As the afternoon began to settle, an odd light flickered from somewhere deep in the Golden Wood. I closed my eyes to listen for anything the wind might have to say, but the only image I could see was that of a great horned owl, screeching in the trees. And its piercing shriek sounded for all the world like someone saying, "Leave this place, Cicely-leave while you still can."

Suddenly terrified, I made sure the window was locked and closed the curtains. Even so, I still felt vulnerable and exposed.

Chapter 5.

When I was finished and dressed again-I'd have to do laundry soon considering how many times I was changing clothes today and how few clothes I actually owned-I sat on the bed, taking stock of the situation.

Grieve had changed.

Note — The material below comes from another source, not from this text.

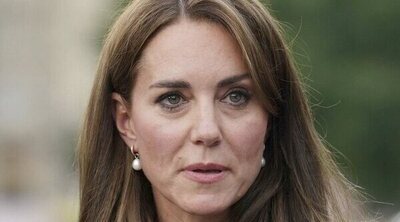 Escándalo en la Familia Real Británica por la foto Kate Middleton: manipulación y un error tremendo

His eyes haunted me and I couldn't figure out what the h.e.l.l had happened. And he'd mentioned the Indigo Court. But mostly, I felt the sting of his rejection. Would he ever forgive me? And more important-could I love this new Grieve, who was far harsher and crueler? Would I even want to?

We headed out to meet the lawyer at the diner, taking Favonis since Rhiannon was too upset to drive and Leo wanted a ride in my Pontiac GTO. His enthusiasm would have made me smile any other time, but after everything that had happened today, I really wasn't up for an automobile lovefest.

As we pulled into the parking lot, I glanced around, nervous, but there didn't seem to be any mysterious creatures hiding out. Last night I'd been running for my life here. Today it was quiet, almost serene.

As we filed through the door, Rhiannon nodded to a gentleman who was probably in his mid-forties, waiting in one of the booths.

He was very suit-and-tie, but I had the feeling that beneath that professional exterior, he couldn't wait to get home to blue jeans and a T-shirt. He just had that look in his eye. Plus, instead of coffee, he was sipping on a milk-shake, and a piece of apple pie smothered in whipped cream waited in front of him. Somehow, pie and a strawberry shake made him seem less imposing.

We slipped into the booth.

"How you doing? Jim Fischer." The lawyer held out his hand and I shook it. Nothing spectacular, just warm, firm, and strong. The kind of handshake that offered confidence and security.